Some time after the fall, after I spent a few months driving a cab and delivering pizzas, I talked myself into a position as a regional salesman for the Larry Dennis Company. The man whose name was on the sign ran the place with a firm (and humorless) hand. Like all new jobs, my experience there got off to a wonderful and promising start. I dug in to learn as much as I could about auto upholstery, and upholstery materials in general. My territories included Dallas/Fort Worth and west Texas. It was a vast territory, which I broke into four segments. This meant I was able to visit each region once per month.
As a salesman, I rate myself fair-to-middling. I do not enjoy sales much, but when I am passionate about a thing, and when I know my subject better than most, I can sell it. I was not passionate about upholstery, and I knew less about it than anyone I was selling to, which mostly consisted of mom-and-pop shops run by the moms and the pops. I did possess a knowledge of people and an affinity for them. I was forming relationships, and the fabric and leathers were selling themselves.
The trouble with selling for Larry, himself an old salesman par excellence, was that he would not sell price. He was higher than most of his competitors on about everything and did not care. His point was that he had the most complete inventory in the industry, so when a customer needed an oddball fabric, he was likelier than most to have it in stock. Therefore, he wanted those customers’ loyalty in all other things. Buy from Larry because Larry has your back.
The trouble is, their pocketbooks demanded that they shop price and when they needed that rare thing, sure, they would call Larry. It was not an impossible sell.
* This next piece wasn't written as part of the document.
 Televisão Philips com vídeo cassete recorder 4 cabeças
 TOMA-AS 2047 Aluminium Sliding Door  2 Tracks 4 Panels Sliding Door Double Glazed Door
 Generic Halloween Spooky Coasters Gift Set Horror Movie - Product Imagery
Larry had a splendid reputation and a robust business. However, getting shops that operate on razor-thin margins to pay top dollar or to stock up on fabrics they might not need for six months was a challenge.
I met that challenge at first, but as my customers’ stockpiles grew and the holidays neared, my sales faltered.
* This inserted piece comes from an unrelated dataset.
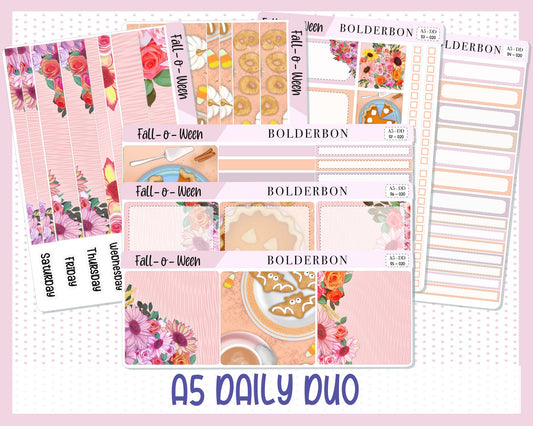 FALL 0' WEEN || A5 Daily Duo Planner Sticker Kit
Larry wanted to talk to me. Maybe a pep talk, I thought. Maybe some insights on how to stimulate growth in my region.
That wasn’t it.
He told me, “You ain’t no bidnessman.”
Then he fired me.
It should not have come as a shock. I had seen every other territory turn over at least once in my year plus at the company. I came to understand the strategy behind constantly turning over sales staff. New blood, new enthusiasm, a few new sells, then onto the next.
Besides, none of the salespeople were ever as good as he was as a salesman. I don’t doubt that, either. He was passionate about that fabric, man.
Larry had a sales meeting every Monday or so.
I remember him repeatedly telling us, “You have to be pacific!”
Angry at being fired, I walked back into his office after storming out, and said, “Larry, I may not be a ‘bidnessman’, but I know you don’t want your salesmen to be ‘pacific.’”
That zinger made me feel better for the two minutes it took me to get to my car, unemployed, facing Thanksgiving and then Christmas once again down on my luck.
That was 1998.
This is 2025.
I am the president of a trade school, vice president of a thriving company, and some would argue, a leader and driving force in the industry.
I would like to visit Larry and give him my ‘bidness’ card.
But he died.
We all do, eventually.
Remember not to forget to get better
Yeah, I remember everything that ever hurt my feelings or made me face myself with the brutal reality of another’s perspective. I remember it but I won’t be paralyzed or embittered by it. I can do better. I can be better. I can prove them wrong.
I am not dead yet.

I REMEMBER EVERYTHING
I remember everything And just the way you said it Every fluctuation in your tone The inflection is what did it I remember everything And just the way you meant it You said it and moved on But I cannot forget it. I remember everything. Remember that, my friend And choose the words you want to stand Until the very end. I remember everything.